■ **WHAT IS REQUIRED**
Select, from the material below, each line with "first" in it.
+---+
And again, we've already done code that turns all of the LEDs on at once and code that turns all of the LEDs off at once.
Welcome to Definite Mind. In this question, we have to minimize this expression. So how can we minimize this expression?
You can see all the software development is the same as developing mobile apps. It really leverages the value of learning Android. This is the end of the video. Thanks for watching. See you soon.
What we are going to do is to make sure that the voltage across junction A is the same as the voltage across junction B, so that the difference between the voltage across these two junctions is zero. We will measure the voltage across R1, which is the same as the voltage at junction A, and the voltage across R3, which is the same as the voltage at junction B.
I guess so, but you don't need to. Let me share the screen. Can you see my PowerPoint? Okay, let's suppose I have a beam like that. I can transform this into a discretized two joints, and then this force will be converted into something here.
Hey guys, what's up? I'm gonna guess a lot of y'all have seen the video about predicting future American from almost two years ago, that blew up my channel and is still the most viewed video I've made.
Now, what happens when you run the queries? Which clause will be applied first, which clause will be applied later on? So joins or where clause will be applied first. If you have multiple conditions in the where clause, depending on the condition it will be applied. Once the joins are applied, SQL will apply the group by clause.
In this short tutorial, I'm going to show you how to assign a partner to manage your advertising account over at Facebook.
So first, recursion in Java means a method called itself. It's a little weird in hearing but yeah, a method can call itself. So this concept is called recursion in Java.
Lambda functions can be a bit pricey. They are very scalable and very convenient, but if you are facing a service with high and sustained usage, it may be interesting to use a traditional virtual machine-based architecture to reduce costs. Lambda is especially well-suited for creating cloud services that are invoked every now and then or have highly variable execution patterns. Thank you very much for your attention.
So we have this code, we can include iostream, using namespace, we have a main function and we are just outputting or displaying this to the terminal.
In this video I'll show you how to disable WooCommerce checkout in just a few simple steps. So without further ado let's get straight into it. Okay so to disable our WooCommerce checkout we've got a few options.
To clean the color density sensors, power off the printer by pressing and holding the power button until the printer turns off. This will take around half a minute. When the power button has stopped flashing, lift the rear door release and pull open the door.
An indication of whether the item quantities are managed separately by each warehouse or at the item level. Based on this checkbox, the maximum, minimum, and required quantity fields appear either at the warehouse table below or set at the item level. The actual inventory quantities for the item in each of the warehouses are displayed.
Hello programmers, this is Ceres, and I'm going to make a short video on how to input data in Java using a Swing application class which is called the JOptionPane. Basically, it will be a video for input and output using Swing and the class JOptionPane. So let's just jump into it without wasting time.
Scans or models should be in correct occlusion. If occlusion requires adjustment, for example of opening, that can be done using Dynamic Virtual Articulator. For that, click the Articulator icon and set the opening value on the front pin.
+---+
■ **TASK RESULT**
Now, what happens when you run the queries? Which clause will be applied first, which clause will be applied later on? So joins or where clause will be applied first. If you have multiple conditions in the where clause, depending on the condition it will be applied. Once the joins are applied, SQL will apply the group by clause.
So first, recursion in Java means a method called itself. It's a little weird in hearing but yeah, a method can call itself. So this concept is called recursion in Java.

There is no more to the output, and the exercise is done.